In the listing below, the answer starts at the line that has "Senkki musta 55x30x77" and stops after the line that has "颈饰合金淡水珍珠591"; please repeat that part exactly and nothing more.

> _INFORMATION PROVIDED_:
=-=-=-=-=

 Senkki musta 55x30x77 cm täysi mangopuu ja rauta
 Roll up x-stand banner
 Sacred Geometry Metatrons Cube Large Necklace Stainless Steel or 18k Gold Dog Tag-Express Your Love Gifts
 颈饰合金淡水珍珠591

=-=-=-=-=

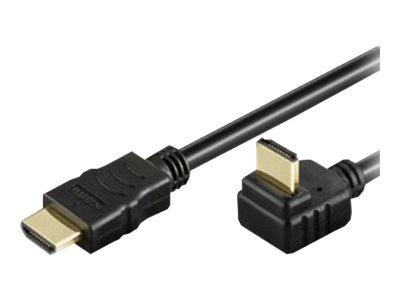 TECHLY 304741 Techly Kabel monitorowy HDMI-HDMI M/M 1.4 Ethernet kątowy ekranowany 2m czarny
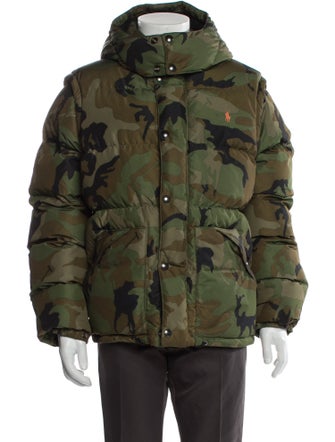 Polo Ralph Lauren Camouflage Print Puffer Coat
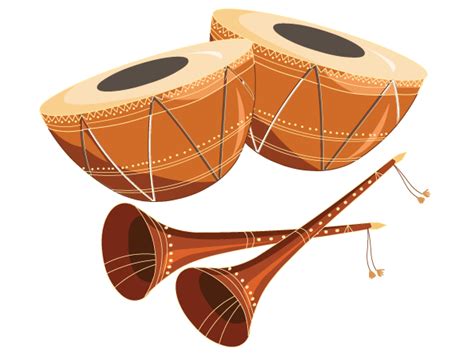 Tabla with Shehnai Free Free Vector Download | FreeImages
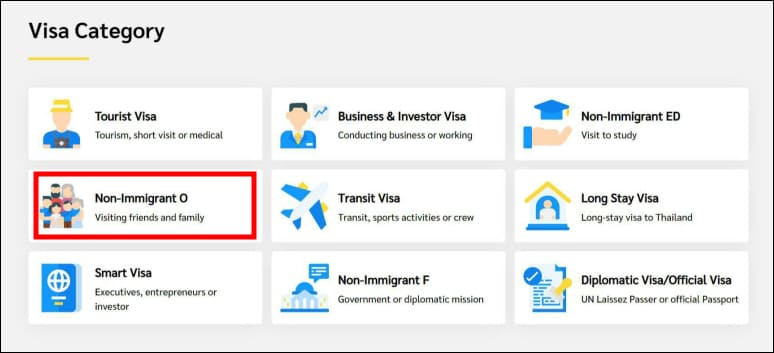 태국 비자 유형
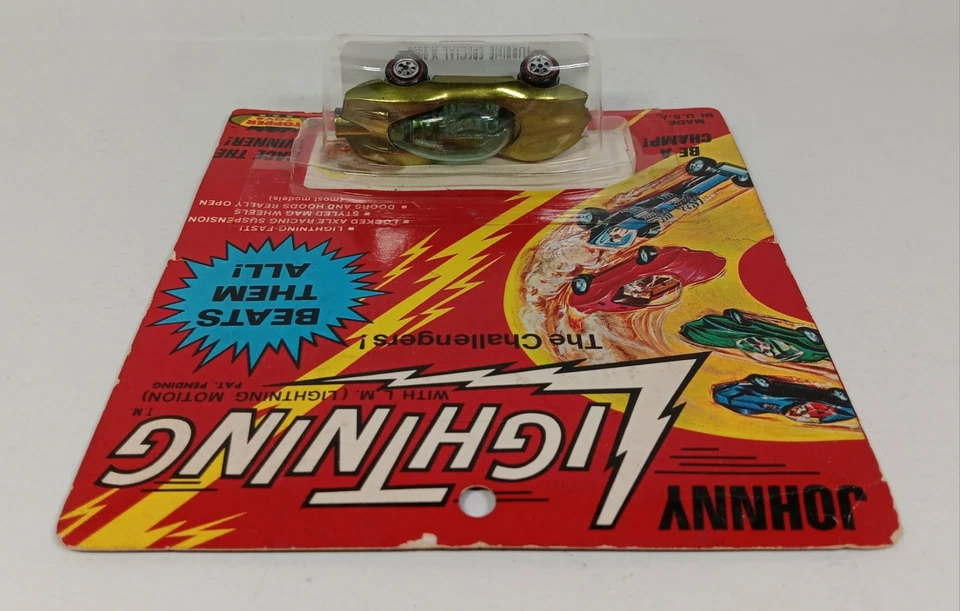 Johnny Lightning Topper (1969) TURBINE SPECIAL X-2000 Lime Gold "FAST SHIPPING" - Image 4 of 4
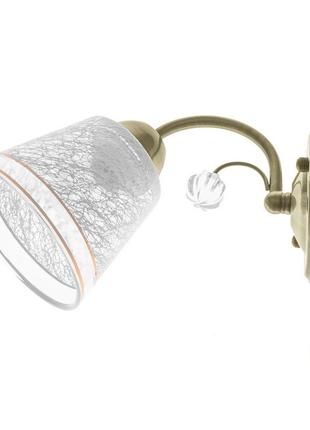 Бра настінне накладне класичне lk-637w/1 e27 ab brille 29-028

=-=-=-=-=

> _ANSWER FOR THE TASK_:
 Senkki musta 55x30x77 cm täysi mangopuu ja rauta
 Roll up x-stand banner
 Sacred Geometry Metatrons Cube Large Necklace Stainless Steel or 18k Gold Dog Tag-Express Your Love Gifts
 颈饰合金淡水珍珠591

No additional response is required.